There were characteristics unique to each unit that made them compelling to teach. Inequalities offered me the opportunity to connect common ideas to mathematical representations when designing lessons. The result was the opportunity for students to make sense of mathematical concepts through authentic situations. Teaching properties of exponents was an opportunity for students to discover algebraic properties in a
mathematically authentic way. The complexity and volume of information learned about parabolas was challenging to teach in a way that was still approachable for students.
The eighteen students in the class had all successfully completed a Pre-Algebra course in the prior year. Three of the eighteen students began in a first-year Algebra course at the beginning of seventh grade; two were moved to Pre-Algebra within the first six weeks of the first semester, and the third was required to repeat the course. The Pre-Algebra curriculum in my district covered similar material contained within units 0 – 4 of the first-year Algebra course. Phil had warned me that some of the students would rely on their knowledge from Pre-Algebra during those chapters and not pay attention in class.
This meant that the first topic that would be new to all but one of the students was Unit 5 and made it and any subsequent chapters ideal for study of my teaching because it would not be directly influenced by what was learned in the previous year.
Reasoning and Problem Solving
Each of these units contained distinct concepts and processes of abstract
reasoning and problem solving.
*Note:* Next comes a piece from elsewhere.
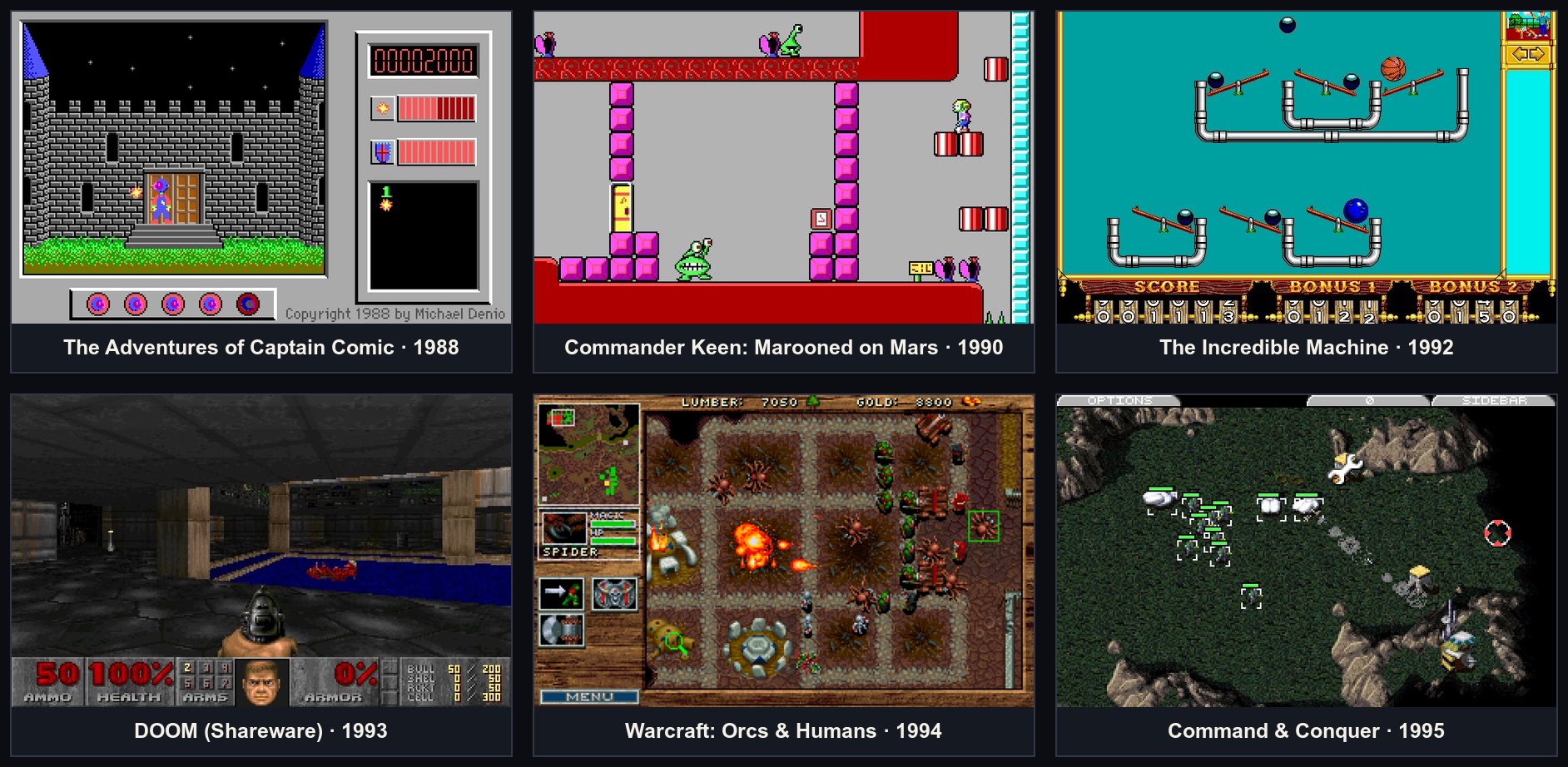 Classic PC games, 1988 to 1995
In Unit 5: Linear Inequalities, the students worked with equations that presented families of solutions instead of particular values solved for, e.g.
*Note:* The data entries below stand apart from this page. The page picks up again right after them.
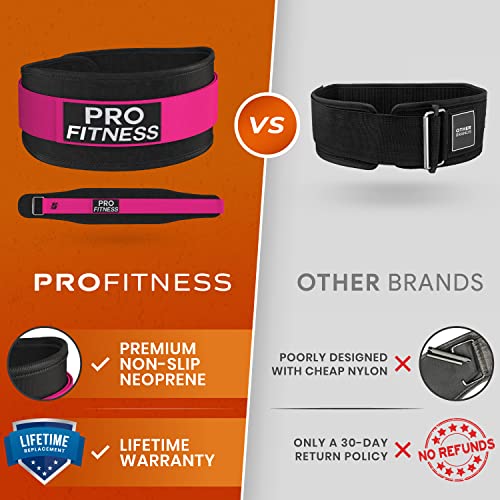 ProFitness Weight Lifting Belt 3 (Small, Black/Pink)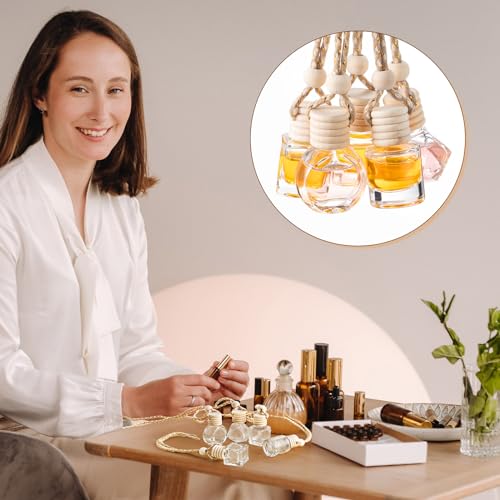 Image of Zubebe 250 Pcs Hanging Car Diffuser Bottles Bulk, 5 Styles Empty Glass Refillable Air Freshener Bottles with Wooden Cap for Perfume Essential Oils Fragrance Aromatherapy Ornament, 8ml 10ml
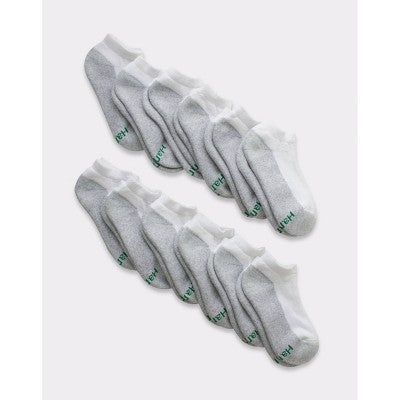 Hanes Boys' 12pk Cushioned No Show Athletic Socks - White L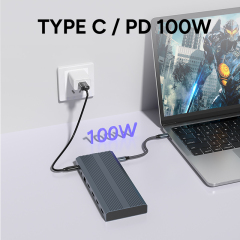 14-in-1 USB 3.2 Gen2 Dock Dual 4K@60Hz HDMI/DP & 10Gbps Speed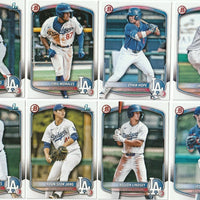 Los Angeles Dodgers 2025 Bowman Series 16 Card Team Set made by Topps Featuring Yoshinobu Yamamoto, Shohei Ohtani, Freddie Freeman, Mookie Betts, Rookies and Prospect Cards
𝑥 > 5 instead of 𝑥 = 5. Unit 7: Exponents exposed students to an algebraic structure that was different from the previous ones studied, e.g. product of powers compared to
multiplicative property of equality. Unit 9: Quadratic Functions and Equations engaged students in the algebra of parabolas, which utilizes the algebra of linear equations as a part of its analysis, e.g. completing the square.
Language and Notation of Mathematics
These three units also presented the opportunity to study how students interacted with the language and notation of mathematics critical to future success in further
mathematical study. These interactions were foreign to any of their previous experiences in school or their lives outside of the classroom. Additionally, the structure of the algebra studied in these units is distinct. The algebra of linear inequalities and quadratic
functions both make use of the algebra of linear equations in their development but have different goals. The algebra of exponents is distinct from the algebra of linear equations.
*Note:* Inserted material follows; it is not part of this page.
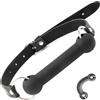Future of your pleasure Sensual FOPS Gag BDSM a Forma di Osso Nero con Cuciture Rosse Regolabile Ecopelle ABS Mouth Gag per Bondage SM Fetish Gioco Ruolo Dominazione per Uomo Donna B11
Also, it does not lend itself easily to the modeling of ideas that are relevant to eighth grade students.
The three chapters that follow are an analysis of my teaching of Inequalities, Exponents, and Parabolas. My focus within these chapters are the problems and struggles that I discovered while examining the data I collected over the course of the school year. Some of these issues reflect the problems that current literature has
identified in learning algebra, while others are specific to my practice. They represent the story of my 2016-2017 school year and act as a guide to my year-long learning
experience returning to the middle school classroom after over a decade away from it.